Heute stellt sich die Auseinandersetzung der Fotografen mit der Antike anders dar. Auf zwei wichtige deutsche Fotografen der Gegenwart möchte ich nur kurz hinweisen.
Michael Ruetz hat zwischen 1976 und 1997 aus Anlass mehrerer Aufenthalte in der Villa Massimo in Rom das Auge seiner Kamera vor allem auf die Aquädukte Roms als Zeugnisse der Ewigkeit gerichtet (Michael Ruetz, Eye on Eternity, 2007). Ruetz hat das Mit-, Gegen- und Nebeneinander von Antike und Gegenwart in dramatischen schwarz-weiß Fotografien ins Bild gesetzt.
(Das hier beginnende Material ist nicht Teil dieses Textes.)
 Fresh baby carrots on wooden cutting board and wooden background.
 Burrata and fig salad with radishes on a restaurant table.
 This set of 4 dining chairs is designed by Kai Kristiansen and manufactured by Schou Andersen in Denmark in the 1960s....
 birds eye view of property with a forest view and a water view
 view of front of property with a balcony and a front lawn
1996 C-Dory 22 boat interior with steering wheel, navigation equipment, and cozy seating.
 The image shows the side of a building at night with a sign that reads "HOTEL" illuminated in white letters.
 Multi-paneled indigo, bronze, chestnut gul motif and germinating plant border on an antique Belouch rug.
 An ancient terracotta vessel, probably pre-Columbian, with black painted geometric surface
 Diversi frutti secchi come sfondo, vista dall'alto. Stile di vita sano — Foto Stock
Hier ist sonst schon niemand mehr zu Fuß unterwegs. Nur Schleichverkehr rast über die staubigen, rumpeligen Pisten. Das Gelände steigt langsam an und die Bögen des Aquäduktes „versinken“ langsam im Boden. Zur Linken eine Unterführung der breiten Schneise, die die Bahntrassen zwischen die Siedlungen geschnitten haben. Sie führt in einen alten Stadtteil des römischen Subproletariats, das Pigneto. Trotz des unaufhaltsamen Prozesses der kleinbürgerlichen Assimilation auch heute noch weitgehend in seiner Struktur intakt, ein quirliger, schmuddeliger, von Touristen noch unentdeckter, aber bei Studenten und Künstlern angesagter Szenestadtteil.
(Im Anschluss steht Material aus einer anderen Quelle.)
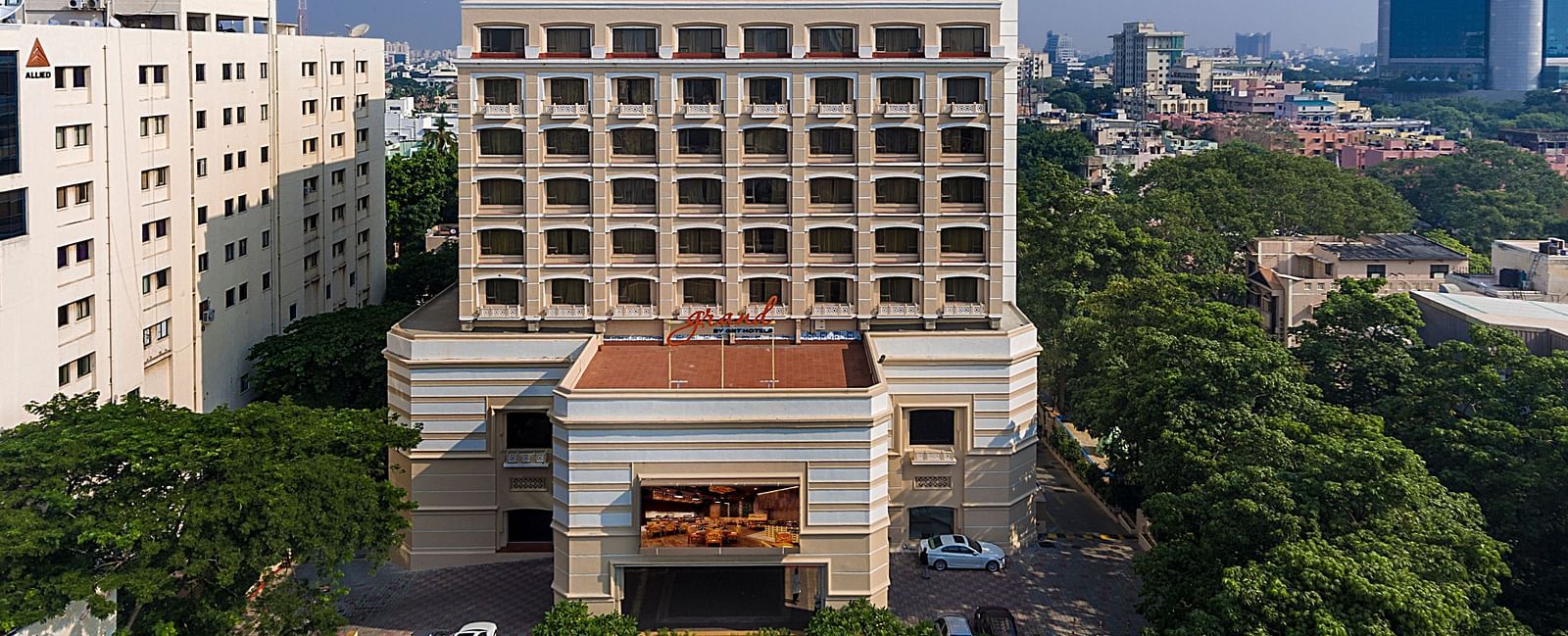 Facade view of Grand Chennai By GRT Hotels during day time.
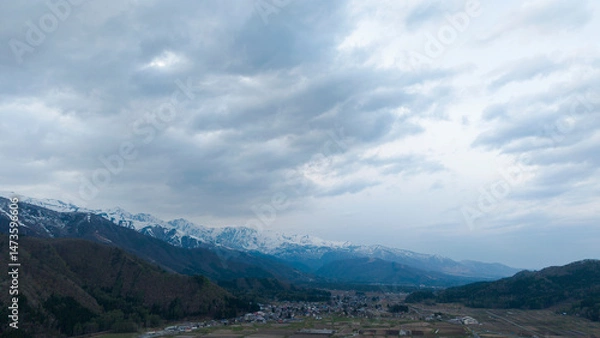 Fototapeta Landscape featuring a tranquil mountain valley with snow-capped peaks in the distance,Overcast sky A small village nestles in the valley.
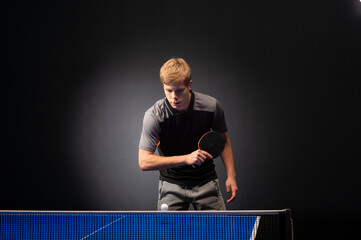 Portrait of young man playing tennis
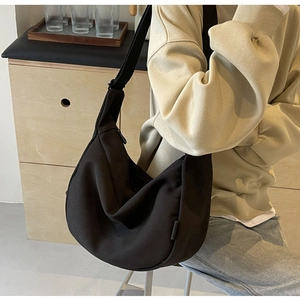 Detail of a black canvas crescent crossbody bag worn by a model in a warm indoor setting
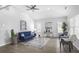 Cozy living room with hardwood floors, a ceiling fan and ample natural light at 652 Hugh Sw St, Atlanta, GA 30310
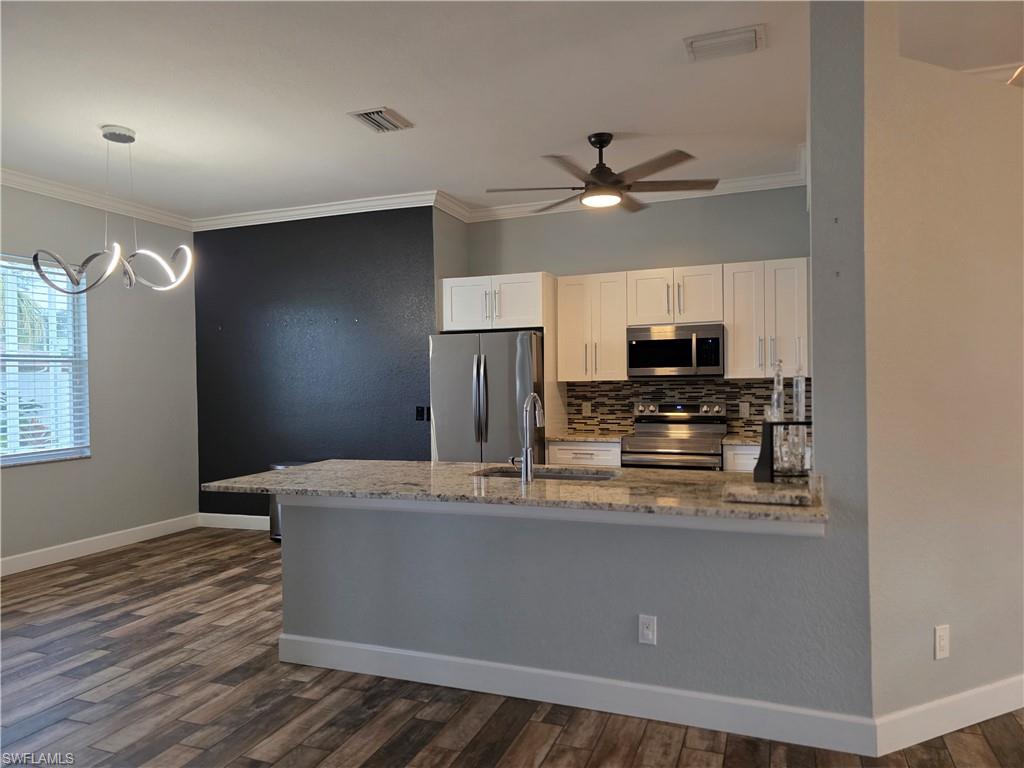 857 Summerfield Drive Naples, FL 34120 - Photo 12 of 50 a kitchen with stainless steel appliances granite countertop a refrigerator a sink dishwasher a stove and white countertops with wooden floor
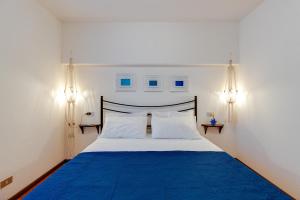 ein Schlafzimmer mit einem blauen und weißen Bett mit zwei Lichtern in der Unterkunft Villa Viola in Narbolia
Ich muss an den ersten Film denken, den hier 1961 Pasolini drehte: „Accattone – Wer nie sein Brot mit Tränen aß“:
Vittorio Cataldi, genannt „Accattone“ („Bettler“ oder „Schmarotzer“), lebt in einer heruntergekommenen Vorstadt Roms. Nachdem er Frau und Sohn verlassen hat, verdient er als Zuhälter sein Geld. Tagsüber hängt er die meiste Zeit mit seinen Freunden herum, die dem gleichen Gewerbe nachgehen. Die Clique verbringt die Zeit mit Herumsitzen, Kartenspielen und sinnlosen Wetten.
Als Accattones einzige Hure, Maddalena, von einem Motorrad angefahren wird, zwingt er sie, trotzdem zu arbeiten. In dieser Nacht wird sie von einer konkurrierenden Bande aus Neapel zusammengeschlagen aus Rache dafür, dass sie ihren vorherigen Zuhälter Nero Ciccio ins Gefängnis gebracht hat.
So beginnt der Film, der ein riesiger Skandal wurde, aber Pasolini auch den internationalen Durchbruch bescherte.
Ich wandere die enge Via del Mandrione zwischen Aquädukt und Bahngleisen weiter hinauf. In den jetzt niedrigen Bögen finden sich noch Reste früherer Behausungen: leere Fensterkreuze in den zugemauerten Rückseiten, Putzreste, Wellblech, Kacheln und Fliesen früherer Küchen und Bäder. Bis in die 60er Jahre hinein haben hier bis hoch zum Quadraro Viertel vor allem obdachlose Zuwanderer aus dem Süden Italiens in schäbigen Barackensiedlungen, den sog. „tuguri“ gehaust (Link zu einem Foto).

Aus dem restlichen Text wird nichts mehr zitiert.